● **Records for the exercise**
========

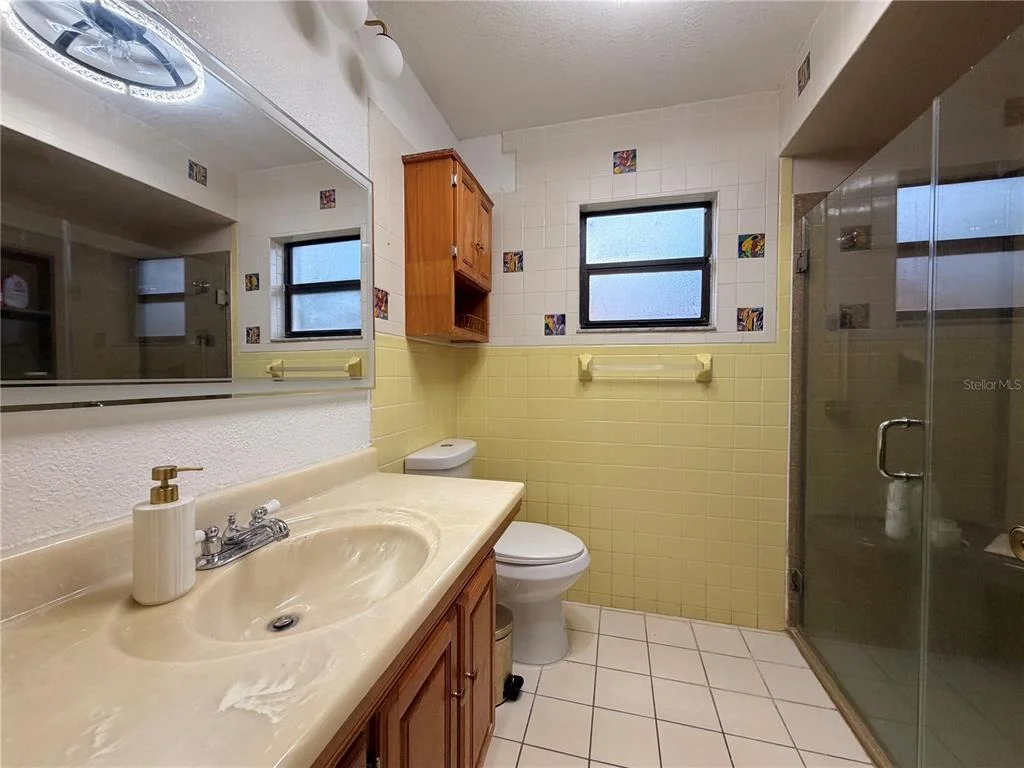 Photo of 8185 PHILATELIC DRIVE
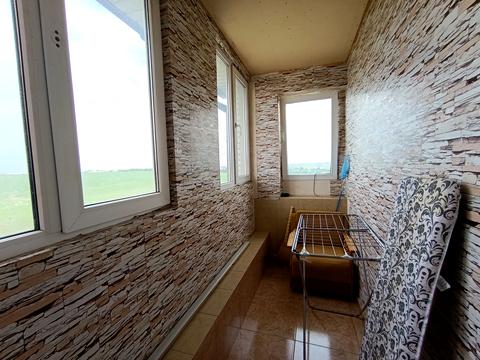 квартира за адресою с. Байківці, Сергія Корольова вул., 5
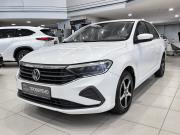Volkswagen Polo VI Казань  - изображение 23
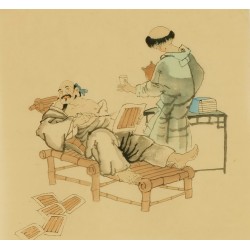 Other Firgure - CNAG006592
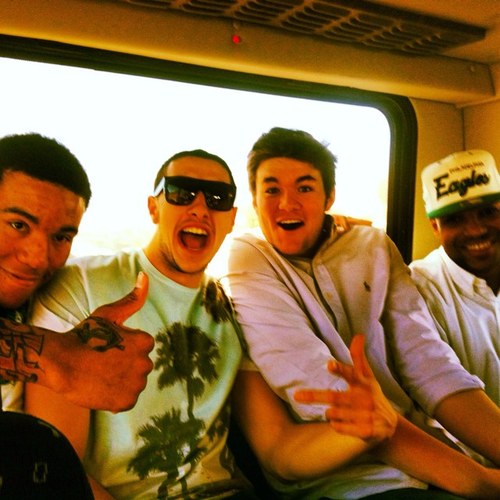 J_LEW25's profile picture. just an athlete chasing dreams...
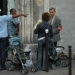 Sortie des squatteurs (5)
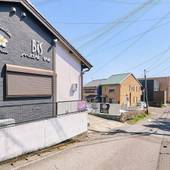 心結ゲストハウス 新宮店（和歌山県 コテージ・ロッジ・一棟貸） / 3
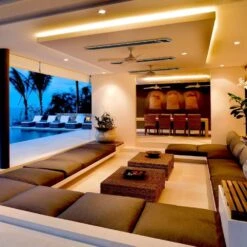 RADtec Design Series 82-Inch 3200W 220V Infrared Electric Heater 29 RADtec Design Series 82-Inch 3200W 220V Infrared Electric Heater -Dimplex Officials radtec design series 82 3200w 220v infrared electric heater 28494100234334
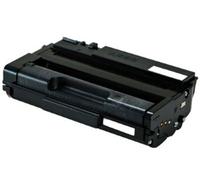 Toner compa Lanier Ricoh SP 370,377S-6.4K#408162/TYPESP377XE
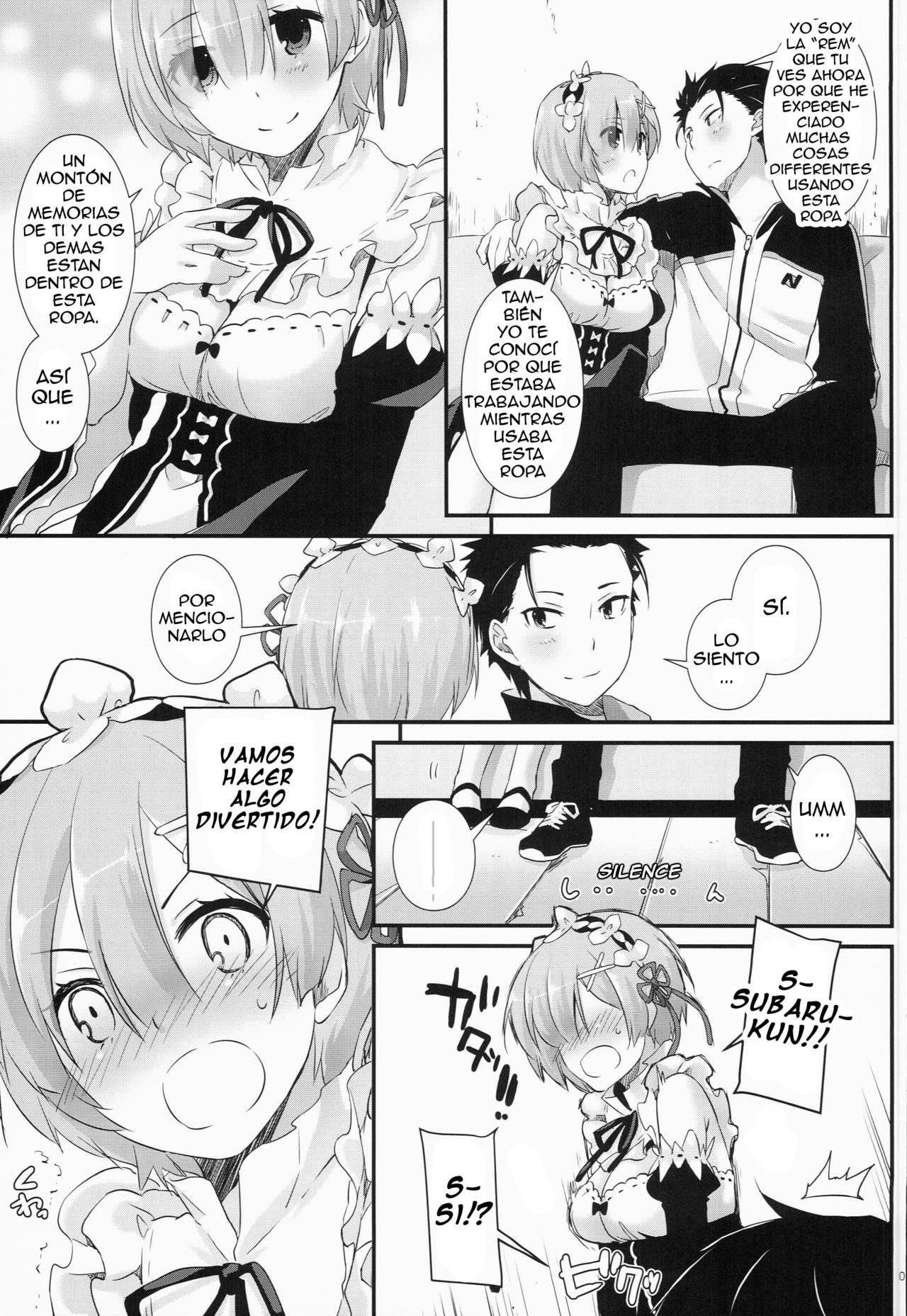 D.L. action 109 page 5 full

========

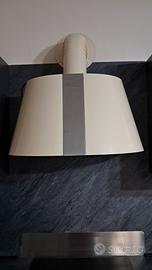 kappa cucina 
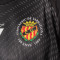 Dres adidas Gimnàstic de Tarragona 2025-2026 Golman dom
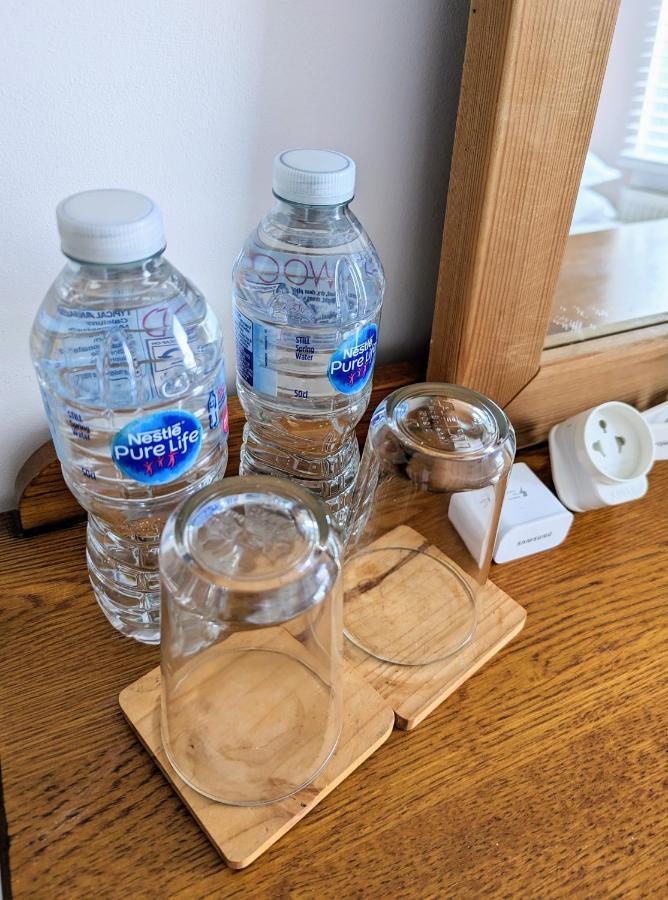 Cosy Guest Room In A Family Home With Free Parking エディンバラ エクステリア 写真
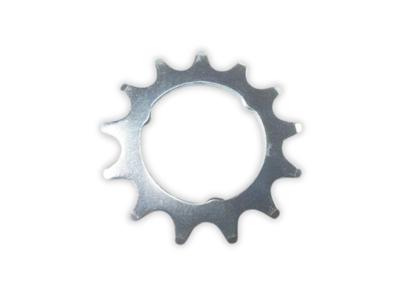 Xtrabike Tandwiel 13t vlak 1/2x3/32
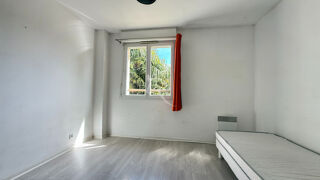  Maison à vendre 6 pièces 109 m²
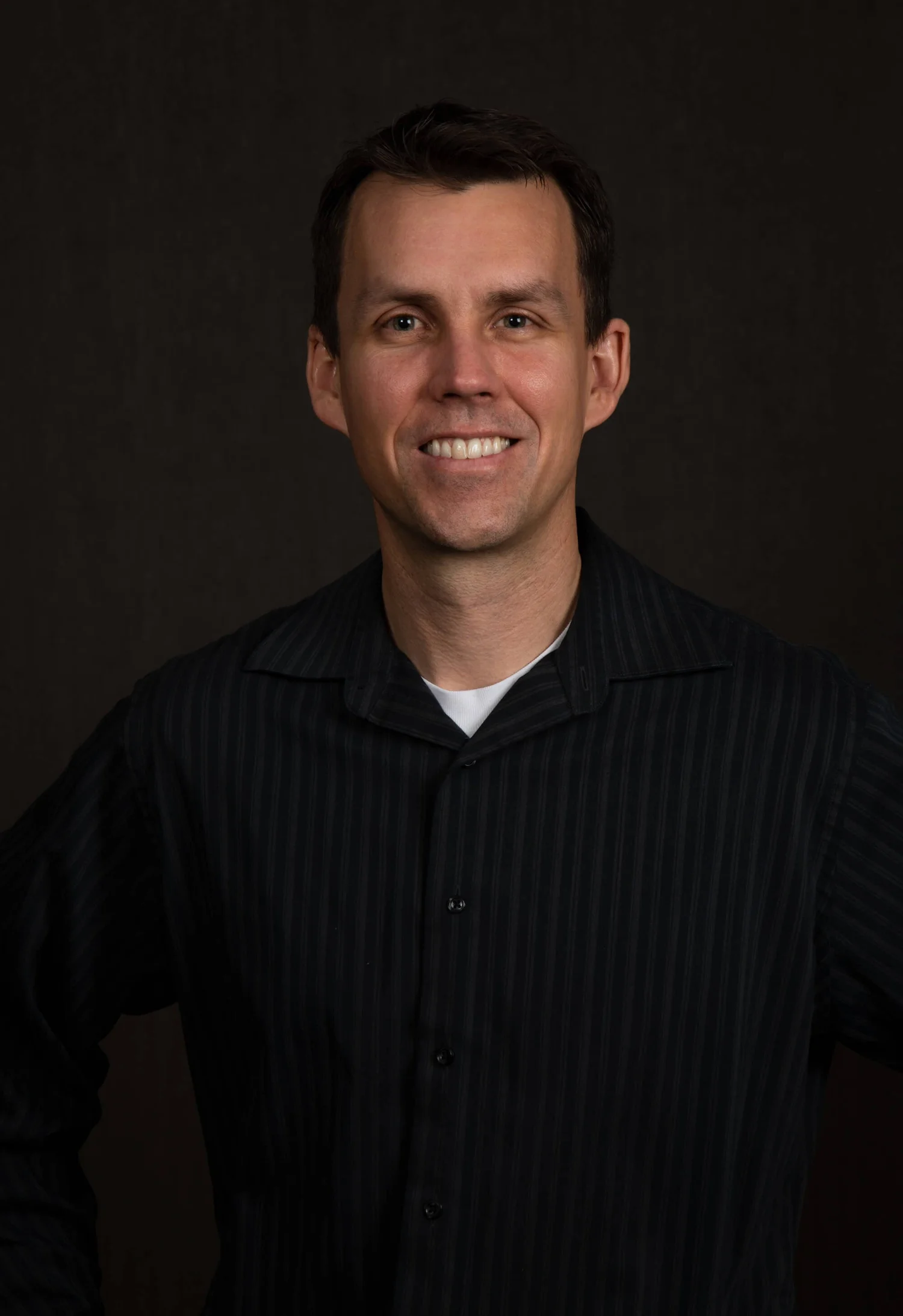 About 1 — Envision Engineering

========

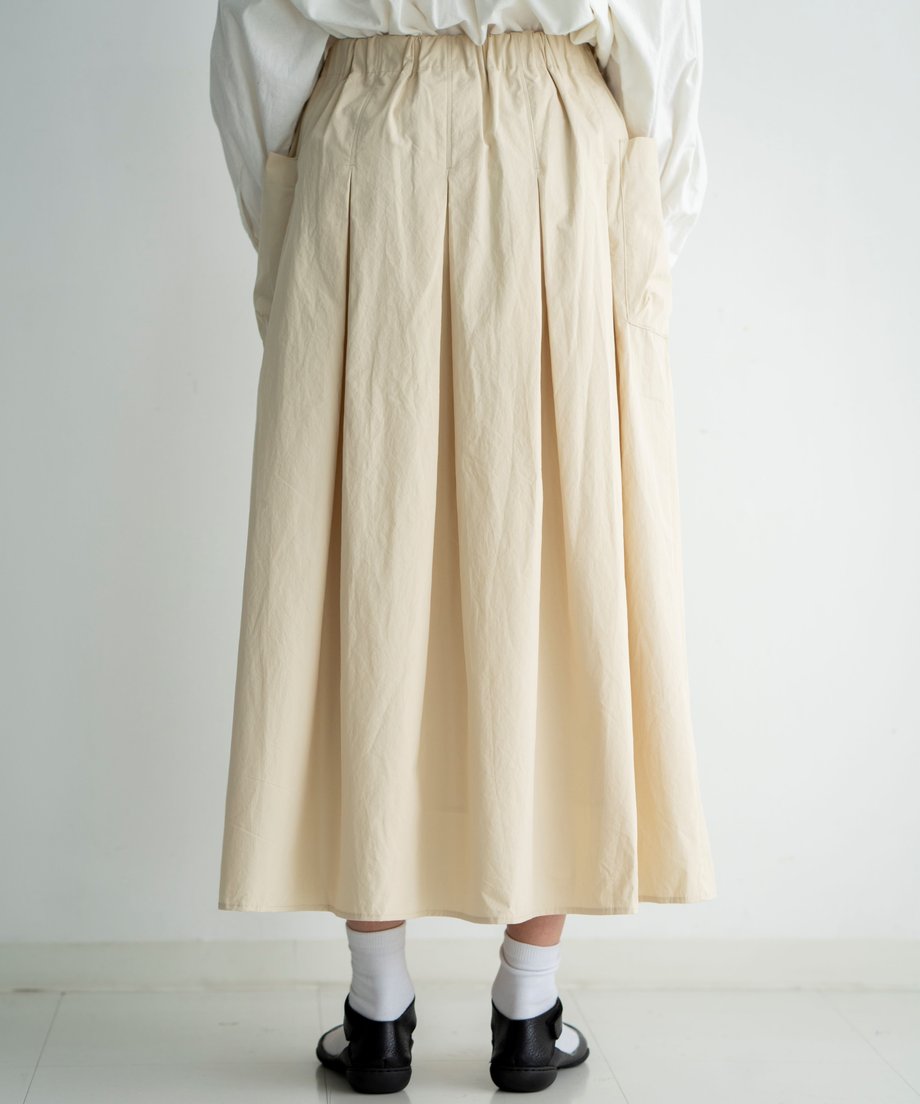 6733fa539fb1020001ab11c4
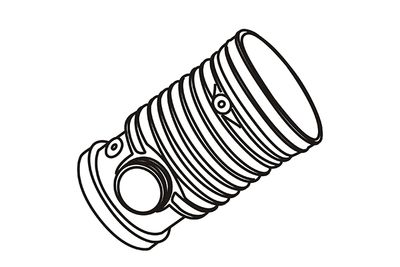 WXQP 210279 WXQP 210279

========

● **Task goal**
Give back the exact lines above, running from the one that has "Photo of 8185 PHILATELIC DRIVE" through the one that has "心結ゲストハウス 新宮店（和歌山県 コテージ・ロッジ・一棟貸） / 3", with nothing added and no pictures.

● **Expected output**
 Photo of 8185 PHILATELIC DRIVE
 квартира за адресою с. Байківці, Сергія Корольова вул., 5
Volkswagen Polo VI Казань  - изображение 23
 Other Firgure - CNAG006592
 J_LEW25's profile picture. just an athlete chasing dreams...
 Sortie des squatteurs (5)
 心結ゲストハウス 新宮店（和歌山県 コテージ・ロッジ・一棟貸） / 3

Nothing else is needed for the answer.